I would however stop with a Euromillion lottery win and fly something very modern and well kitted out with another pilot to fly it back for me so I can enjoy a very good glass of wine or beer.
Also living up to the cliche - how do you know I'm a pilot, I just told you!!
Work in a specialist part of the dredging industry, have done for over 30 years. Been all over the world, some really good places and some right shitholes.
I could probably give it up tomorrow and as long as I found something part time my life style wouldn’t change, that probably tells you whether you love you job or not, you keep doing it even though you don’t need to.
I am however meant to be going to Australia next year, where I will be travelling back and forth more regular than I am used to, all that travelling might mean the end for me, will need to see how I cope now I’m getting on a bit. The wife might have other ideas about that though.
I was enjoying my role in Finance (P&L / BS reporting etc) for a major telecoms company, but the last 2 years have been awful.
I was made redundant from my role back in Aug last year as it was being offshored (typical large company) so went internally for a role in a Data team which started when my old role ceased back in March this year.

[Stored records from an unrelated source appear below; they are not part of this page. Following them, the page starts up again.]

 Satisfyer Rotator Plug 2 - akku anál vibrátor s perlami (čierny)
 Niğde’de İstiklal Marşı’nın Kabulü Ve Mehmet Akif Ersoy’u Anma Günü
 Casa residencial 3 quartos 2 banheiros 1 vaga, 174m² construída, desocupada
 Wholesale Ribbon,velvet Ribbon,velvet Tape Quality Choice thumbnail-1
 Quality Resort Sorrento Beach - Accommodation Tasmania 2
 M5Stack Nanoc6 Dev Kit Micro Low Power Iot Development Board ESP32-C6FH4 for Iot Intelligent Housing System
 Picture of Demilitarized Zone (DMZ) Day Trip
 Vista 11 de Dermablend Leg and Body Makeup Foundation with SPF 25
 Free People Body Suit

This was great as I have gained greater knowledge and understanding of VBA/VBS, SQL, Microsoft Access etc that I never had before and is a good addition to my CV.
I was always given the impression that this role would go permanent.

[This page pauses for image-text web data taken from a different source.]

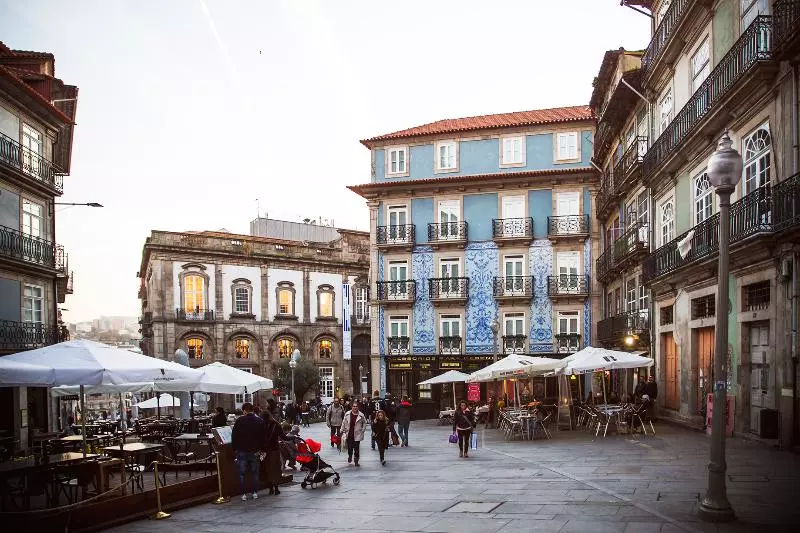 Best View Of Porto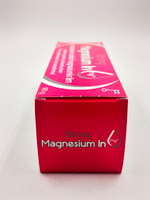 Крем с магнием охлаждающий Magnesium In Strong 90 г ( Из Финляндии )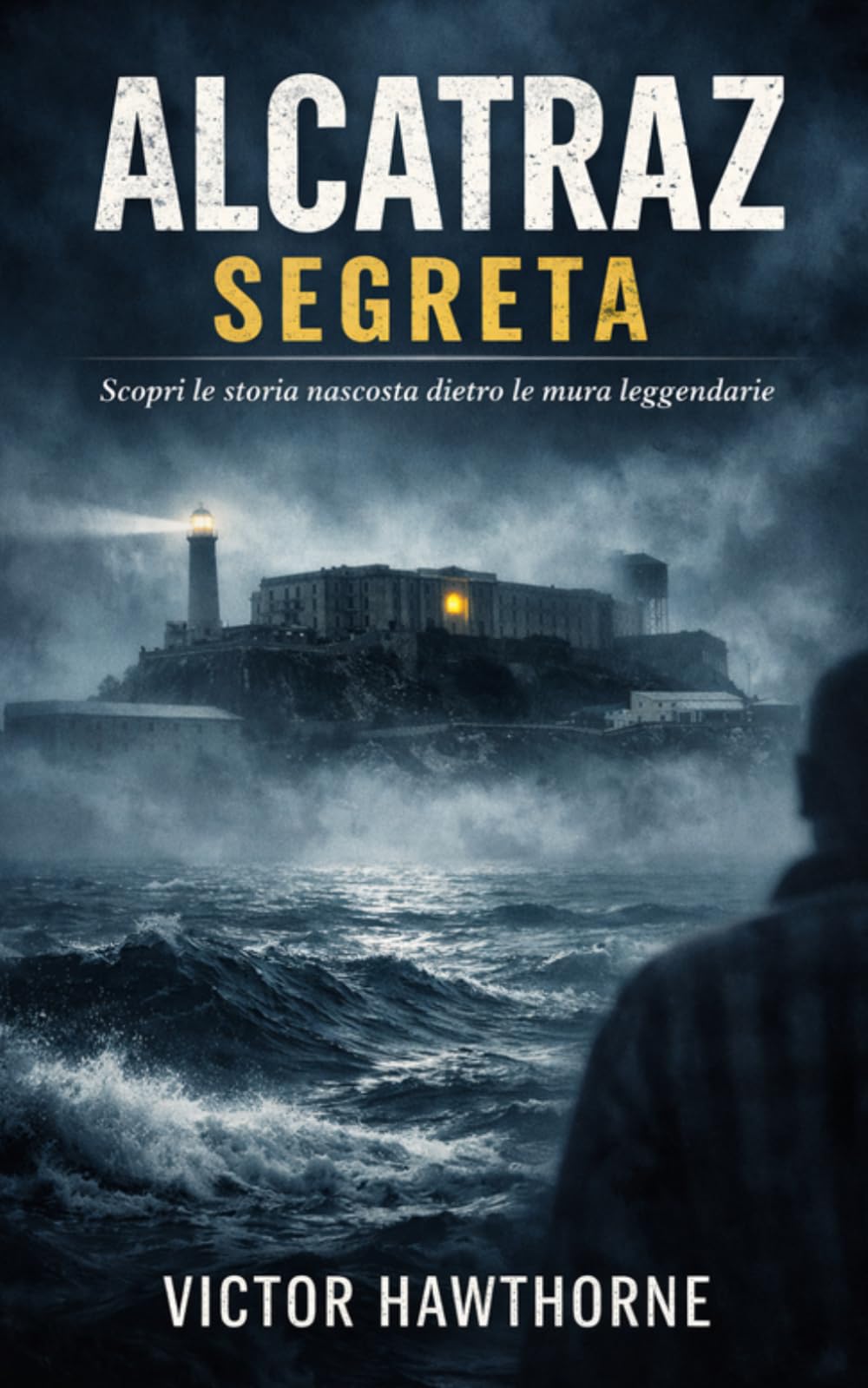 Alcatraz Segreta: Scopri i segreti e le leggende dietro le mura di Alcatraz
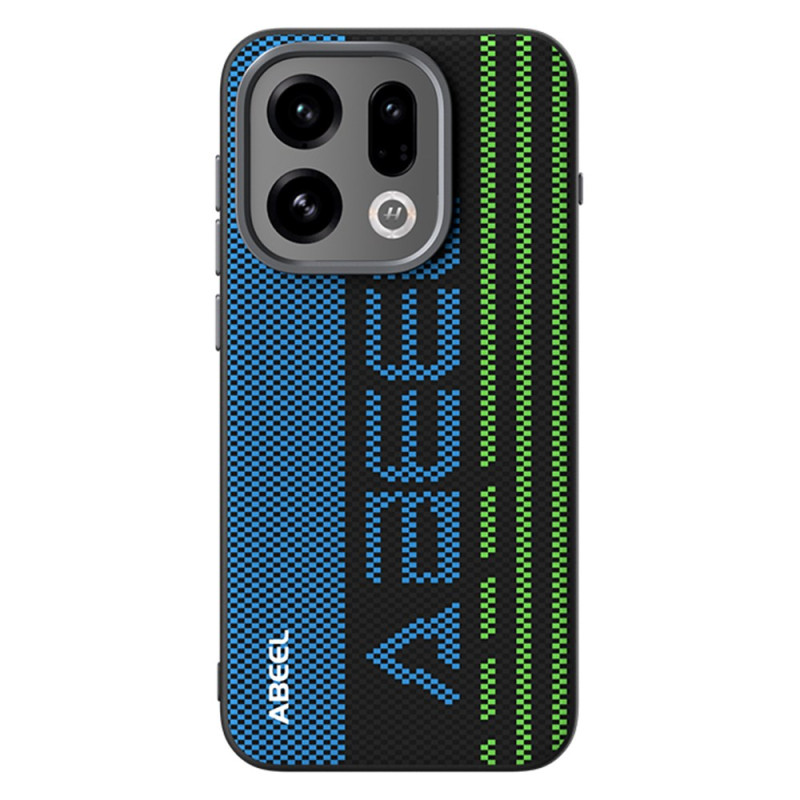 Oppo Find X9 5G MagSafe Techno Suojakuori
 ABEEL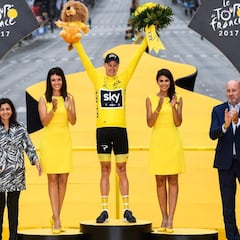 Froome: "Este es un momento importante para el ciclismo"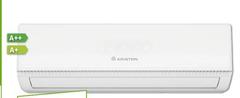 Ariston - Climatizzatore Fisso Monosplit Aeres 9000 Btu/h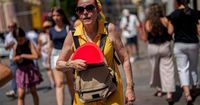 Spain sweltered under hottest summer on record in 2025, weather agency says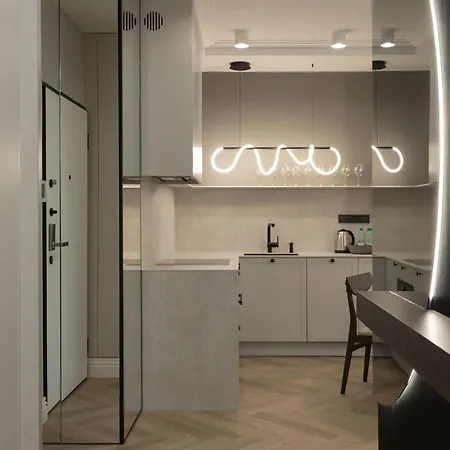 Grzybowska Deluxe #56 By Bookinghost Apartamento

Fast-forward to Aug this year and was told that the whole of the Data team that I am in is to also be offshored. Gutted to say the least.
Had a chat with a friend of mine last week and he has offered me a job in his engineering business. Completely different role, much more hands on than computer based although I will be doing some of the office work.
Really looking forward to the challenge. Plenty of opportunity for travel as well as picking up new skills etc.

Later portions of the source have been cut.